Work instructions => For the material below, the expected output is exactly the lines between the line holding "Toyota Fortuner 4x2" and the line holding "Área comum Residencial", inclusive, with pictures left out.

-------- Supplied records --------

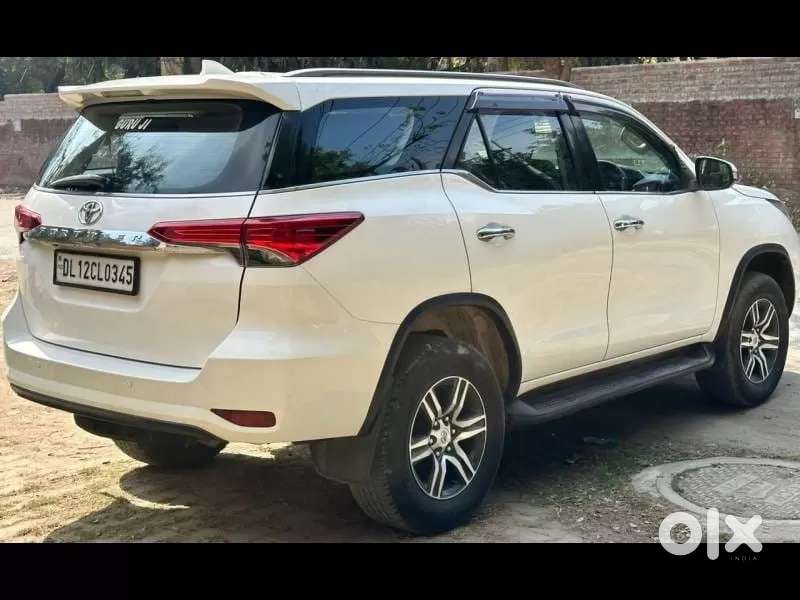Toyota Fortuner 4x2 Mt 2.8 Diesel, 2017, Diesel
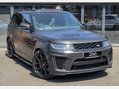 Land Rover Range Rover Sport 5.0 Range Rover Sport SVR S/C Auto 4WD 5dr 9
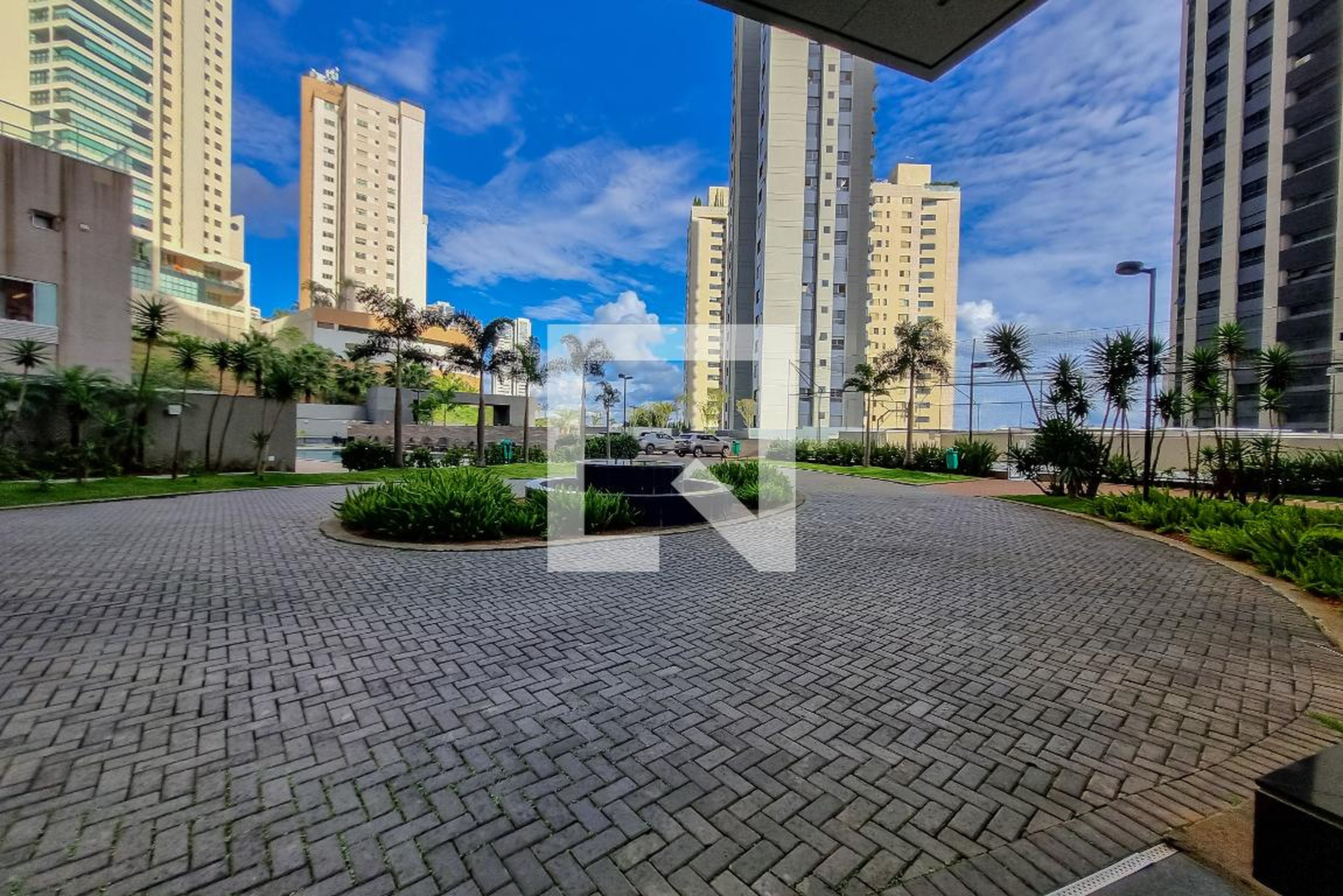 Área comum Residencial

--------
-------- Supplied records --------

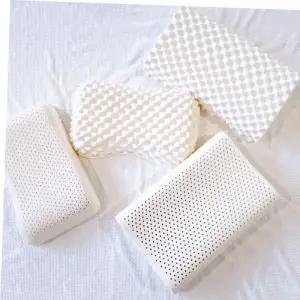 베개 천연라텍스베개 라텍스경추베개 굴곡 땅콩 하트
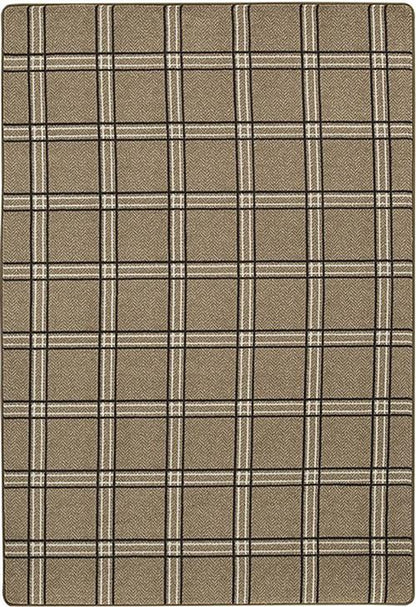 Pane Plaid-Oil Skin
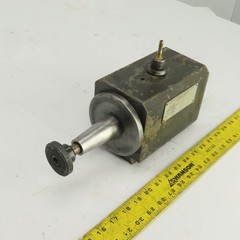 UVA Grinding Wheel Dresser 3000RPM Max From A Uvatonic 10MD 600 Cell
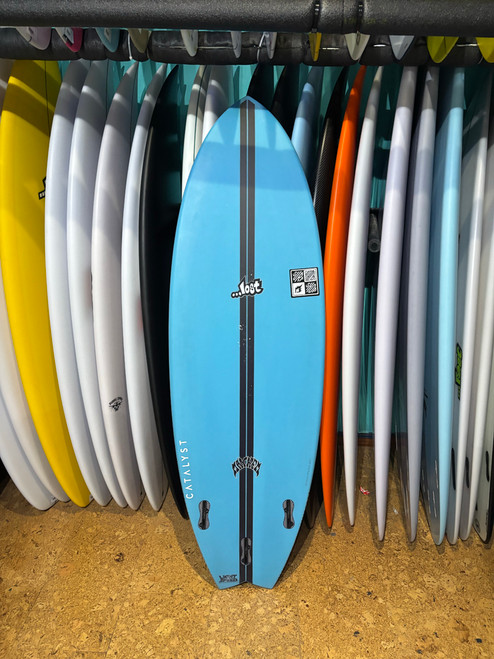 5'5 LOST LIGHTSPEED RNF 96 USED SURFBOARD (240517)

--------
-------- Supplied records --------

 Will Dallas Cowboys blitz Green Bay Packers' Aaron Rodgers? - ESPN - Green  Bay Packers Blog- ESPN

--------

Solution for this problem =>
Toyota Fortuner 4x2 Mt 2.8 Diesel, 2017, Diesel
 Land Rover Range Rover Sport 5.0 Range Rover Sport SVR S/C Auto 4WD 5dr 9
 Área comum Residencial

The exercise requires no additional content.